Composer Eric Whitacre on his writing process and combining words and music

The choral conductor and composer tells Freya Parr about his compositional methods and how he still uses pencil and paper

Composer and choral conductor Eric Whitacre

Eric Whitacre’s music is hugely popular with both amateur and professional choirs. Renowned for his digital projects, he has created an 8,000-strong online ‘Virtual Choir’ and collaborated with scientists to create Deep Field, a work for orchestra, choir and phones. The Sacred Veil will be performed across Europe in 2020. He recently released ‘Sing Gently’, a new work for virtual choir.

He spoke to BBC Music Magazine‘s Freya Parr for the Meet the Composer column in the Christmas 2019 issue.

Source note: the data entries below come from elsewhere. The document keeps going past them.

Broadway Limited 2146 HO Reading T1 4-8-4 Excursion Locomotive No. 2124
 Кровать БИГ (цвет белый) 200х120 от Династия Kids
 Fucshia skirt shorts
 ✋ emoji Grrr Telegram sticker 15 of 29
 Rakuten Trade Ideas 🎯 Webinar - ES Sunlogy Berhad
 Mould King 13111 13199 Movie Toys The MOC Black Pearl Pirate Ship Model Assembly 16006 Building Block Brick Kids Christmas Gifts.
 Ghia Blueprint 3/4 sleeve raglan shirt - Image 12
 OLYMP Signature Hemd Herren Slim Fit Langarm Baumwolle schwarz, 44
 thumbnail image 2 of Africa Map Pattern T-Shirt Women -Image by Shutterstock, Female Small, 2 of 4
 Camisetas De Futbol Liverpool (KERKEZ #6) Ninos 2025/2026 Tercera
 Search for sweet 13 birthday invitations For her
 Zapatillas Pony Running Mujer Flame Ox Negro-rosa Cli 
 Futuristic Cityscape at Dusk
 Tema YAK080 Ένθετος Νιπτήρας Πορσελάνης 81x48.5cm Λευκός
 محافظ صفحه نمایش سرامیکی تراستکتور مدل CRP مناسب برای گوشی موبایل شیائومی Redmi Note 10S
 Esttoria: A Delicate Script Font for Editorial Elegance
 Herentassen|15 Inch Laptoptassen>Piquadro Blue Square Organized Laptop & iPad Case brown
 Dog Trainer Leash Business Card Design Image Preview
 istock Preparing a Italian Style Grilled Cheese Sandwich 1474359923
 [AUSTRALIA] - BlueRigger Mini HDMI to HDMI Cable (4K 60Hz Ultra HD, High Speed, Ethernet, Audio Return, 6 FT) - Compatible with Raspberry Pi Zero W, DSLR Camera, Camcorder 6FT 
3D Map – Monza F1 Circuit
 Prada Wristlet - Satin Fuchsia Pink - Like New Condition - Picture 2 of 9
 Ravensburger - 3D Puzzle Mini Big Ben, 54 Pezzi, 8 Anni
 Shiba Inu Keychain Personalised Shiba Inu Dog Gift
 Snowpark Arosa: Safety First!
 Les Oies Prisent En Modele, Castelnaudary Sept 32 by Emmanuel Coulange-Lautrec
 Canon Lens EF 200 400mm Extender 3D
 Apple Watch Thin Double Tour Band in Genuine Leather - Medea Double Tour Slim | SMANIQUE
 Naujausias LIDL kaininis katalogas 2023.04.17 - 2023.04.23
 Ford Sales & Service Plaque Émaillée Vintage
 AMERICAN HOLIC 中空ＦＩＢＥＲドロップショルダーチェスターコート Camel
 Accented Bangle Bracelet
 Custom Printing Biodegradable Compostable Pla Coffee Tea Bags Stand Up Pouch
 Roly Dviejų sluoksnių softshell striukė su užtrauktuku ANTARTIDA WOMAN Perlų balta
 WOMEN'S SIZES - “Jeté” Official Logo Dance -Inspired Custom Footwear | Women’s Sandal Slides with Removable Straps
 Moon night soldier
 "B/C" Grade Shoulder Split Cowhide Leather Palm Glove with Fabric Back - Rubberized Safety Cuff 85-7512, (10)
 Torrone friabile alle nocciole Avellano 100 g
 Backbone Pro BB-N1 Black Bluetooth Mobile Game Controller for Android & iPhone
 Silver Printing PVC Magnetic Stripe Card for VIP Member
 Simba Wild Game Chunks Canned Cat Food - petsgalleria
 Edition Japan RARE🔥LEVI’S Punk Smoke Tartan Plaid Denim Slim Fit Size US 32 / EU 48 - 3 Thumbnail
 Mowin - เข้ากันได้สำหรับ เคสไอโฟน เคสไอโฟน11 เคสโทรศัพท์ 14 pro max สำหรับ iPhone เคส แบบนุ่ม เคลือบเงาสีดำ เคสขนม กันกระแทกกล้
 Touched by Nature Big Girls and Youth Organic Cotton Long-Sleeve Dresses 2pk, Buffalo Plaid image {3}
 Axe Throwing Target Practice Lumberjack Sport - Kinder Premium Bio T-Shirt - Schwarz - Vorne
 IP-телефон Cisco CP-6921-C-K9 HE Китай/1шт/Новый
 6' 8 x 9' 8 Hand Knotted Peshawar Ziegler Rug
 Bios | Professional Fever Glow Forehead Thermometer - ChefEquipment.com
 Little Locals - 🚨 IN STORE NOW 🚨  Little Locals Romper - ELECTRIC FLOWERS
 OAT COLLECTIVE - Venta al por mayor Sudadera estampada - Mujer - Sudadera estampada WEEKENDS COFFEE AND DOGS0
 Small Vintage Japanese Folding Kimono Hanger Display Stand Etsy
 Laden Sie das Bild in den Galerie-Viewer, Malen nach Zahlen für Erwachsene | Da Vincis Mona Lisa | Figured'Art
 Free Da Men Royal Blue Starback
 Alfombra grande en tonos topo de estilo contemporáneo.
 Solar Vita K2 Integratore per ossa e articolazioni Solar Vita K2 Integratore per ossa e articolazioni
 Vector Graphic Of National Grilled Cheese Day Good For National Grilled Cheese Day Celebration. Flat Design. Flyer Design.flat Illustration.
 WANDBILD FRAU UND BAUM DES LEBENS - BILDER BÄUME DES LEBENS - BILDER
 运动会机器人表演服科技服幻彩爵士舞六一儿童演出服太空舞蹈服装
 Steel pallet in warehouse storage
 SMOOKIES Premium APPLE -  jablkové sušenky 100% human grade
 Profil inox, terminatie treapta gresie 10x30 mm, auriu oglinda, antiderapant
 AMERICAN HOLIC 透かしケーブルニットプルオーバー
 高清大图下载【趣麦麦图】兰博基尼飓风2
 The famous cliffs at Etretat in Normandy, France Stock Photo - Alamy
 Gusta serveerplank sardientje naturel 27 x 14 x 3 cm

‘My imagination is more visual than sonic. Everything I write has a cinematic approach, because there are few art forms as moving and visceral as movies. It’s extraordinary what a great film score can do. When I’m conducting my work, I endlessly use visual metaphors.

I started conducting because I wanted to get the music as close as possible to how I imagined it. I always found it excruciating sitting in the audience and watching someone else conduct my music. In the case of The Sacred Veil [a eulogy to a friend’s late wife], it’s such a personal piece that I desperately don’t want to be there if someone else is conducting. They’re more than welcome to perform it, but I’ll be far, far away.

I still write everything with a pencil and paper. Ideas flow better, and when I have all the pages laid out in front of me, I can see several minutes of music at a time. This helps me visualise better what the piece is and where it needs to go.

The governing principle of music is structure. I’ve found that no matter how big the screen is, when working on a computer I can never really get a sense of the structure of a piece. Sometimes when I’m listening to music being performed live, I can hear the limitations of those composing programmes on the music – bars have been copied and pasted without any kind of variation, and there’s a sense of ‘page-itis’, where phrases tend to be about the length of a page on screen. It’s so important that words and music are married completely in choral music.

I never understand music where texts are used simply as a vehicle for the notes and are considered secondary. To me, the whole reason we have this art form is to illuminate the poetic word with music. When I’m setting poetry by someone from history – which is usually the case – there’s a beautiful agony to it, because the poetry cannot change. I have to find my path through the structure they’ve already built.’

This article initially featured in the Christmas 2019 issue of BBC Music Magazine.